Bullish in Madrid | David Lidington, U.K.’s de facto deputy prime minister, said he’s confident a Brexit deal can be reached. “It is so obviously in the interests both of the United Kingdom and the EU-27,” Lidington told Bloomberg’s Charles Penty after a meeting with People’s Party leader Pablo Casado in Madrid.
A Gaffe That Matters | Foreign Secretary Jeremy Hunt’s speech comparing the EU to the Soviet Union at the Tory party conference on Sunday is still making the Europeans cross and has soured the mood in the talks. EU President Donald Tusk, a veteran of the struggle against Communism in Poland and long seen as an ally of the U.K., yesterday called the comment “as unwise as it is insulting.”
Preparing for Limbo | After months of listening to the U.K. warn about the risks posed by a no-deal Brexit, European Union financial regulators are now stepping up plans to avert a market meltdown.
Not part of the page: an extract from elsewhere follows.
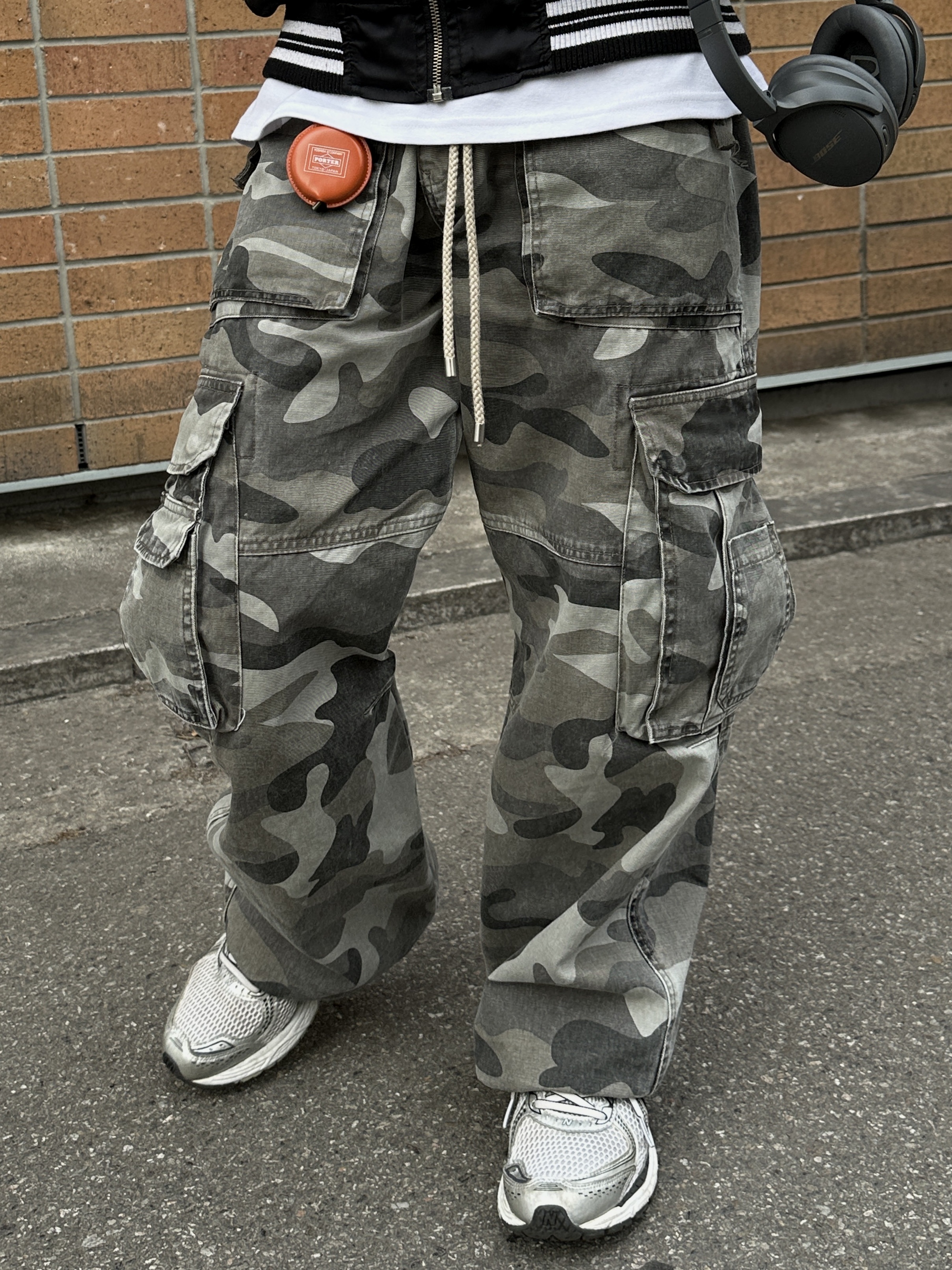 New Balance 860v2 White Black, Porter x New Era Key Holder Black 착용 스타일 - 3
Daniele Nouy, the European Central Bank’s head of supervision, said the ECB is “ready to help ensure a smooth Brexit — no matter the outcome of the political negotiations.” And she’s not alone. The EU’s top markets cop called on Brussels to guarantee that the bloc’s banks don’t lose vital access to London’s clearinghouses in a disorderly divorce.
End of Austerity? | If the age of austerity in Britain is over, it may not feel like it for years, writes Bloomberg’s Andrew Atkinson. Just stopping the cuts means finding an extra 20 billion pounds ($26 billion) by the end of the current parliament in 2022. “Austerity as most people think of it ain’t over yet,” Resolution Foundation Director Torsten Bell says.
Russian Hacking | U.K. and Dutch authorities said officers from Russia’s GRU military intelligence agency tried to breach organizations that were looking into allegations of Russian wrongdoing, including the poisoning of a former Soviet double agent in the U.K. Labour Deputy Leader Tom Watson responded by calling for a full investigation into Russian involvement in the Brexit referendum campaign.
On the Markets | The pound rose yesterday on increased optimism that a deal will be done. In early trading this morning, sterling was barely changed at $1.3012.